A second round pick in 2015, Havenstein went after tackle Jake Fisher and before tackle Ty Sambrailo, two players who have combined to make 25 starts and are essentially reserves barely hanging onto their NFL dreams. In fact, Fisher is not signed by anyone. So Havenstein has already far surpassed expectations by making 68 starts in five years, earning a four-year, $32.5 million extension in 2018.
Unfortunately, following the losses of John Sullivan and Rodger Saffold in 2019, the entire Rams line suffered. That included Havenstein, who played poorly, got hurt, and didn’t immediately win his starting job back from backup Bobby Evans.
A bounce-back season from Havenstein means that LA is getting exceptional value from a right tackle ($6 million, $8.3 million, $8.8 million salaries over the next three seasons) and potentially a guy who could help a lot when Whitworth retires. A poor campaign and the Rams are likely releasing Havenstein and searching for more answers on the offensive line.
With the loss of Dante Fowler, Jr in free agency, LA can’t be that much more aware than the rest of us when it comes to answering the question of “Where will the edge rush come from?” Absolutely free agent signee Leonard Floyd must be an equation to that answer but he is probably less interesting as a prospect now than he was as an actual prospect four years ago.
The thought was that he could be a great pass rusher. The reality is that he hasn’t been. Who could be?
We know that rookie Terrell Lewis will also get his shot, and to some degree he must “prove it” this season by staying healthy, and that there’s plenty of curiosity remaining about Ogbonnia Okoronkwo. But Samson Ebukam actually has looked good — at times — in the NFL. And he’s going to be a free agent in 2021, so now is definitely the time to prove it.
Ebukam’s sack total has gone from 2 to 3 to 4.5 in three seasons, but his greatest playing time came in 2018. He was in on 69% of the snaps but only had three sacks. Then last year Ebukam got in on 51% of the snaps and saw his sack total go up. If he participates in 70% again, could he get up to seven or eight sacks? He’d enter free agency at 26 and definitely as one of the more intriguing names for edge rushers. If not, he’ll get an opportunity somewhere, but maybe not with the Rams.
Would you look at that: I get to cheat on my own article. I’ll name three names that need to prove it for one job: Sam Sloman, Austin MacGinnis, and Lirim Hajrullahu.
While Greg Zuerlein easily got “the boot” from many fans — as kickers tend to get when they hit the unavoidable part of their careers where they struggle, which is often associated with the simple fact that the whole job itself is luck influenced in ways that can make a random series of kicks look like a dangerous or optimistic trend when the reality is just bad luck — there’s no way that I would bet on any of these three kickers to do better than him.

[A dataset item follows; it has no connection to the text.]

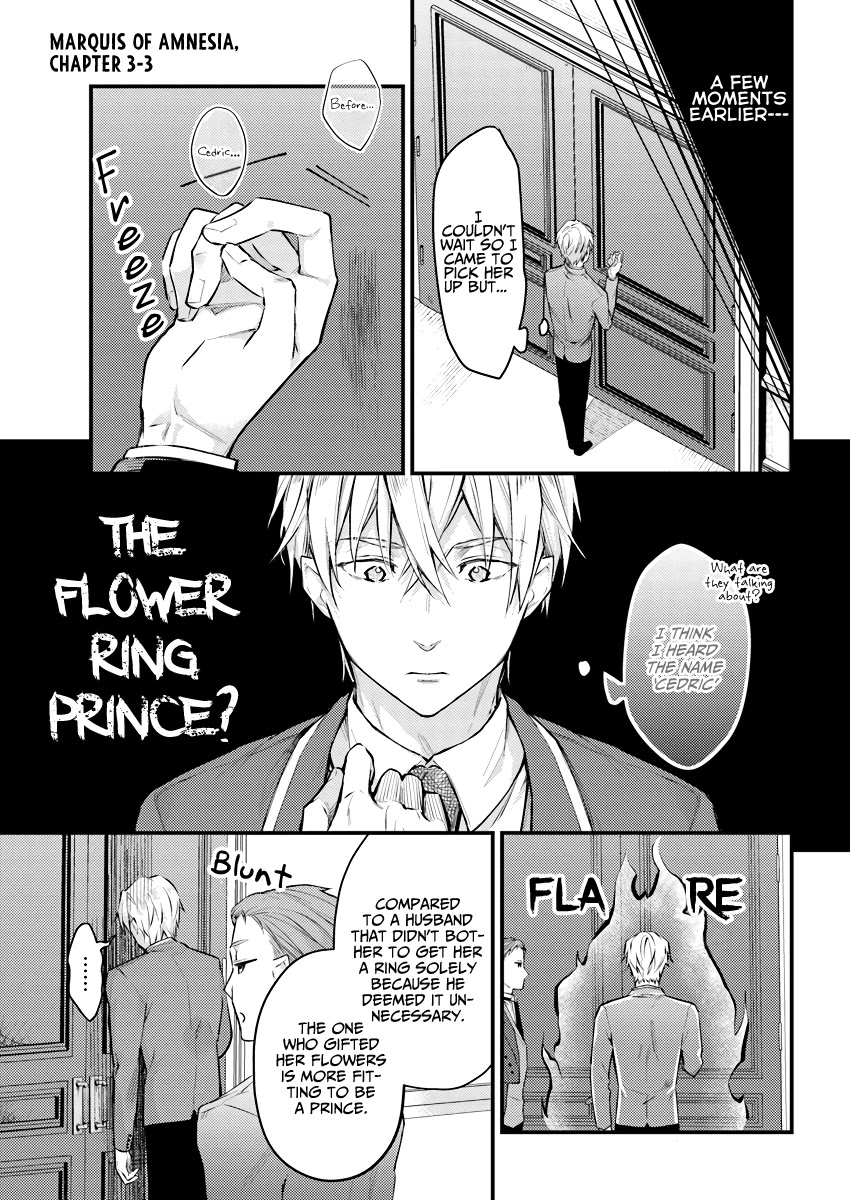 Marquis of Amnesia Chapter 3.1 page 19 - Chapter 3.1 - 3.4: The Fear Behind Closed Eyes Part 1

That doesn’t mean that they won’t, it just means that I would bet on Zuerlein. And that doesn’t mean that the Rams should have re-signed him, because I didn’t say I’d bet $4 million on that. It just means that Zeurlein has been a really good kicker and really good kickers tend to rebound.
One example is Stephen Hauschka, who went 29-of-31 and 6-of-6 from 50+ in 2015 for the Seattle Seahawks. Then in 2016, Hauschka went 33-of-37 but missed six extra points and two very short field goal tries so the Seahawks moved on. The next year with the Buffalo Bills, Hauschka went 7-of-9 from beyond 50 and made all 29 extra point attempts. That season, Seattle kicker Blair Walsh went 21-of-29 overall and 15-of-23 beyond 29 yards and the Seahawks arguably would have been a playoff team with a slightly better result from the kicker.
As of now, the Rams are solving the Zuerlein problem with maybe their only option: three kickers who have no NFL experience but also cost nothing. They can’t afford to sign a player who might have perceived value, like Zeurlein or the still-available Stephen Gostkowski, so they’re letting a camp competition play out. That’s fine, those kickers can also turn out to be Pro Bowlers because frankly most kickers start out as “no names” like these ones. But camp, preseason, season, it’s all a time to have a prove it season for one of them.
You most likely may not get a second chance until you prove worthy of one.